Stored records:
★ ★ ★

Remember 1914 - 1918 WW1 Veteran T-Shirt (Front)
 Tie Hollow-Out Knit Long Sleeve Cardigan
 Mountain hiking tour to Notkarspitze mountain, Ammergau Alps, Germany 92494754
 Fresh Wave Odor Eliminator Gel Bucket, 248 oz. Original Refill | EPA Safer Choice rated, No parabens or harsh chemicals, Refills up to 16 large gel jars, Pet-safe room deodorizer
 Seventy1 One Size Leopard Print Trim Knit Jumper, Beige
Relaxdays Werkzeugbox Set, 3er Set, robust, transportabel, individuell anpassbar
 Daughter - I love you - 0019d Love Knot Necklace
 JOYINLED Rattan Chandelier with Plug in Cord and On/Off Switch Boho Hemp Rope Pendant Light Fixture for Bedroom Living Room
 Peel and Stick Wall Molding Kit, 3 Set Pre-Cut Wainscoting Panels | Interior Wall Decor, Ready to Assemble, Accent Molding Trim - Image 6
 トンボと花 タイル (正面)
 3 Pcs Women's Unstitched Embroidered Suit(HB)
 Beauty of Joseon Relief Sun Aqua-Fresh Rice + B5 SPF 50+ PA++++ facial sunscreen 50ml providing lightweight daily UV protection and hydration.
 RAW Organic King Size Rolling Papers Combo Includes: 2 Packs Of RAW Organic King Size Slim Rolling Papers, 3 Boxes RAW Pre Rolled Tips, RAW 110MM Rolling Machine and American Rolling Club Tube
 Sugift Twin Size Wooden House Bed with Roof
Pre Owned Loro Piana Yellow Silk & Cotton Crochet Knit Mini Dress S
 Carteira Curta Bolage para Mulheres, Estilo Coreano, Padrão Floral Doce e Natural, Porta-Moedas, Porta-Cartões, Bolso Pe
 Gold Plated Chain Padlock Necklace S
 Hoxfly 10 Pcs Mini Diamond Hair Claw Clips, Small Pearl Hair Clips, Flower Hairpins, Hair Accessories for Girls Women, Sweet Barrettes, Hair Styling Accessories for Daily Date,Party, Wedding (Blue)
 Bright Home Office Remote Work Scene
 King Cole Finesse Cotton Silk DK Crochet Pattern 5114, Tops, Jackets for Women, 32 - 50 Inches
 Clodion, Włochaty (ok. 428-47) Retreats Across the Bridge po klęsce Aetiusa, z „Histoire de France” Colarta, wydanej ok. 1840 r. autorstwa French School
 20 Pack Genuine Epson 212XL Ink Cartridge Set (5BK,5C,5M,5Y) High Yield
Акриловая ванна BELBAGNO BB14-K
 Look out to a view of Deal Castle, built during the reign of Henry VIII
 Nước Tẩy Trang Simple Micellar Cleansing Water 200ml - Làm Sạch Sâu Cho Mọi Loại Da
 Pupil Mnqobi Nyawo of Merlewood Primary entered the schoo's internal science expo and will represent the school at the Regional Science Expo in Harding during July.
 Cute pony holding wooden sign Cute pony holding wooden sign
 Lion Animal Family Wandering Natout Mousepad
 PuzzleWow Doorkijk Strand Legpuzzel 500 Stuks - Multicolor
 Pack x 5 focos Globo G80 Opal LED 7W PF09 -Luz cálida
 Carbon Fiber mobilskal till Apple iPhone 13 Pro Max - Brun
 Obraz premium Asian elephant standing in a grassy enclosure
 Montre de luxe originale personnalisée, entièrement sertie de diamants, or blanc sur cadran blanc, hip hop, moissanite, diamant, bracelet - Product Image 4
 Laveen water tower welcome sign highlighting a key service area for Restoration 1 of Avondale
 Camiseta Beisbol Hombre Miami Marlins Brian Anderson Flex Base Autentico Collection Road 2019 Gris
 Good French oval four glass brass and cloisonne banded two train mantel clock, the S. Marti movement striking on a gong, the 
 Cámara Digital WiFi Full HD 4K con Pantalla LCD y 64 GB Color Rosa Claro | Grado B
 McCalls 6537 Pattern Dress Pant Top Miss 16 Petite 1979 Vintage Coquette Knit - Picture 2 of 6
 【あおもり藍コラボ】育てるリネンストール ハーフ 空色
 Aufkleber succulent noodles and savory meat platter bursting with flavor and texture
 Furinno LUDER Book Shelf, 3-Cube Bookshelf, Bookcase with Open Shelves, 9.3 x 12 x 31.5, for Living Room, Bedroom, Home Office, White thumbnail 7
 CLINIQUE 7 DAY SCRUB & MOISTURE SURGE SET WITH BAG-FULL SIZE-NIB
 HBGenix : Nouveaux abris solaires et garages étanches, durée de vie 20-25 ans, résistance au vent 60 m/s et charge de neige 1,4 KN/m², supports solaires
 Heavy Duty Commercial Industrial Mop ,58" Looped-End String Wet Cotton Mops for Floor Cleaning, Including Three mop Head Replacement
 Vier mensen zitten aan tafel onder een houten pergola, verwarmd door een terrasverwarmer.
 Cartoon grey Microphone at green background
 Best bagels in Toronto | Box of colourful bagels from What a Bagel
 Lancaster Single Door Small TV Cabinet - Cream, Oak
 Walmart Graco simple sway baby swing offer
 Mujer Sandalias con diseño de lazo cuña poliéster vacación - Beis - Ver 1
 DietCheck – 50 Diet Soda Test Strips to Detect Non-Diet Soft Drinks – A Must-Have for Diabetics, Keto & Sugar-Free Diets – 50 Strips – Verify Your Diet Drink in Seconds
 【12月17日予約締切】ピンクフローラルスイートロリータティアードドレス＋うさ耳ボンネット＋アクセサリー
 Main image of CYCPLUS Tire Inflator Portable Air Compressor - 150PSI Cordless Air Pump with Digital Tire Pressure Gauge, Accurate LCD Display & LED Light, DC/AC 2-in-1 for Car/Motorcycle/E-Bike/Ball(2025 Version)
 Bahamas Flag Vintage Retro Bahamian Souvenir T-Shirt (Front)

★ ★ ★

About this exercise:
Your task is to retype the entries verbatim, starting with the line that holds "Bright Home Office Remote Work Scene" and stopping after the line that holds "McCalls 6537 Pattern".

Worked solution:
 Bright Home Office Remote Work Scene
 King Cole Finesse Cotton Silk DK Crochet Pattern 5114, Tops, Jackets for Women, 32 - 50 Inches
 Clodion, Włochaty (ok. 428-47) Retreats Across the Bridge po klęsce Aetiusa, z „Histoire de France” Colarta, wydanej ok. 1840 r. autorstwa French School
 20 Pack Genuine Epson 212XL Ink Cartridge Set (5BK,5C,5M,5Y) High Yield
Акриловая ванна BELBAGNO BB14-K
 Look out to a view of Deal Castle, built during the reign of Henry VIII
 Nước Tẩy Trang Simple Micellar Cleansing Water 200ml - Làm Sạch Sâu Cho Mọi Loại Da
 Pupil Mnqobi Nyawo of Merlewood Primary entered the schoo's internal science expo and will represent the school at the Regional Science Expo in Harding during July.
 Cute pony holding wooden sign Cute pony holding wooden sign
 Lion Animal Family Wandering Natout Mousepad
 PuzzleWow Doorkijk Strand Legpuzzel 500 Stuks - Multicolor
 Pack x 5 focos Globo G80 Opal LED 7W PF09 -Luz cálida
 Carbon Fiber mobilskal till Apple iPhone 13 Pro Max - Brun
 Obraz premium Asian elephant standing in a grassy enclosure
 Montre de luxe originale personnalisée, entièrement sertie de diamants, or blanc sur cadran blanc, hip hop, moissanite, diamant, bracelet - Product Image 4
 Laveen water tower welcome sign highlighting a key service area for Restoration 1 of Avondale
 Camiseta Beisbol Hombre Miami Marlins Brian Anderson Flex Base Autentico Collection Road 2019 Gris
 Good French oval four glass brass and cloisonne banded two train mantel clock, the S. Marti movement striking on a gong, the 
 Cámara Digital WiFi Full HD 4K con Pantalla LCD y 64 GB Color Rosa Claro | Grado B
 McCalls 6537 Pattern Dress Pant Top Miss 16 Petite 1979 Vintage Coquette Knit - Picture 2 of 6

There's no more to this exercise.